A more complex problem (at least in my mind) is the preliminary analysis of sheared genomic fragments.
The smaller size of genomic fragments is 200bp which in reality is just an average size of a distribution between a 100bp to 1000bp.
I am not sure exactly how I am going to do this analysis but this post is an intend to clear my mind.
First, what do I know:
Size of the genome of species to be studied: (e.g. H. influenzae KW20 = 1.8e+6 bp).
distribution probability of a motif in a random fragments of 200bp.
Frequency of a motif in a random genome and I can even estimate the frequency given a GC content.
What do I need to estimate:
Since when I will get the sequencing data the more simple analysis is to estimate the coverage per base or per motif.
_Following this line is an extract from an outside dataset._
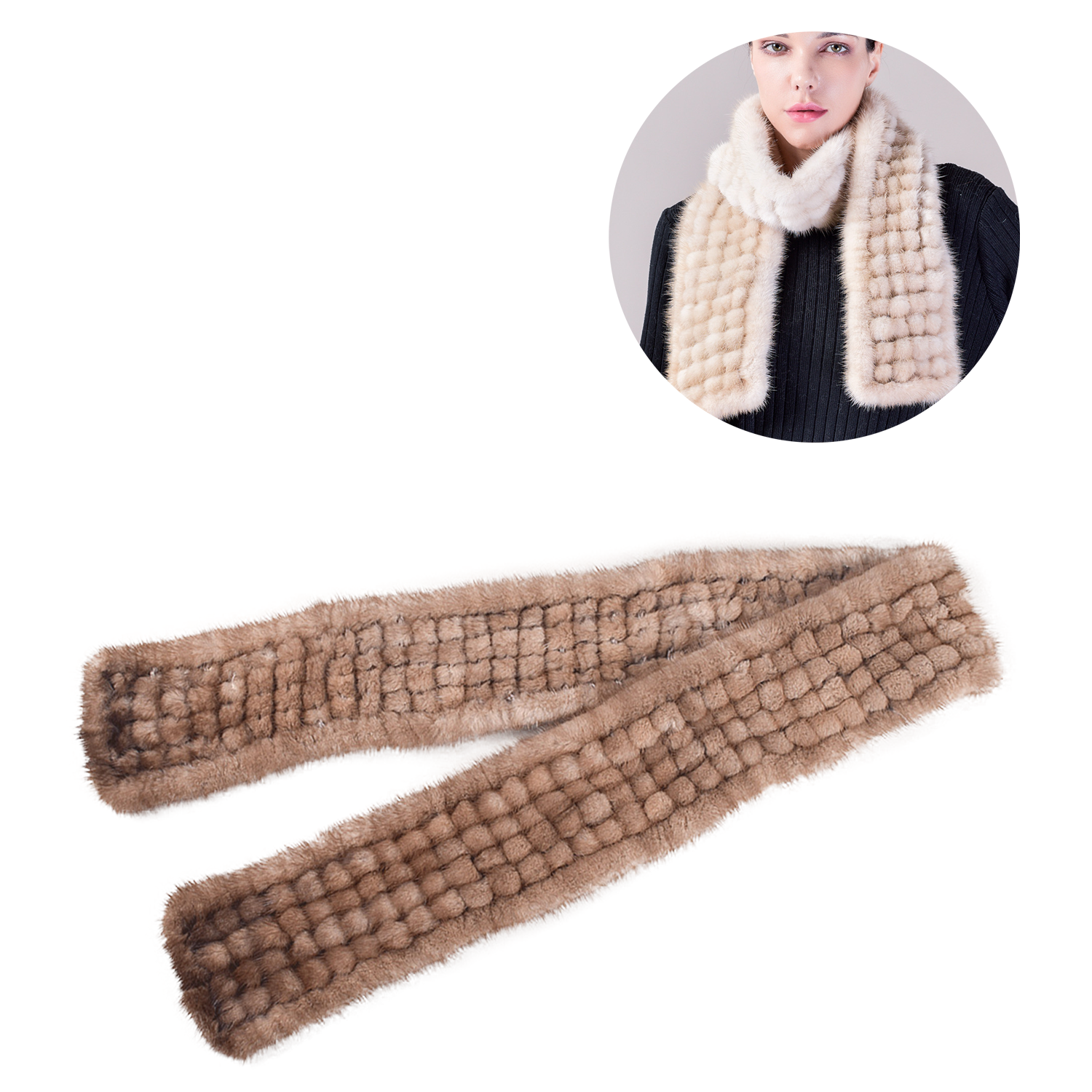 Mink Scarf with Fur Balls Luxury Women's Neck Warmer 4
One of the questions to be asked is:
how the increment in reads at a certain position (or motif?) is (given how strong the motif is)? and based on the distribution of the motif in the 200bp fragment.
Of course that I will have to account for the distribution of sizes of the sheared genomic fragments, but for simplicity I will first think only in a 200bp size.
How would increment per position if there is 1 motif?
How would increment per position if there is two motifs (if two motifs have more probability than one)?
How would increment per position given a certain strength?
How would increment per position given a GC content bias (probability of a nucleotide is not 0.25)?
How would increment per position given that the sheared fragment was 100bp? 500bp? 1000bp?
How would increment per position given a certain coverage in the input (coverage distribution)?
I think what I will do is calculating the increment frequency in a 200bp fragments of a motif (as I showed in the previous posts) and then calculate how this would increment the reads of the output compared to reads of the input (based on coverage per base distribution).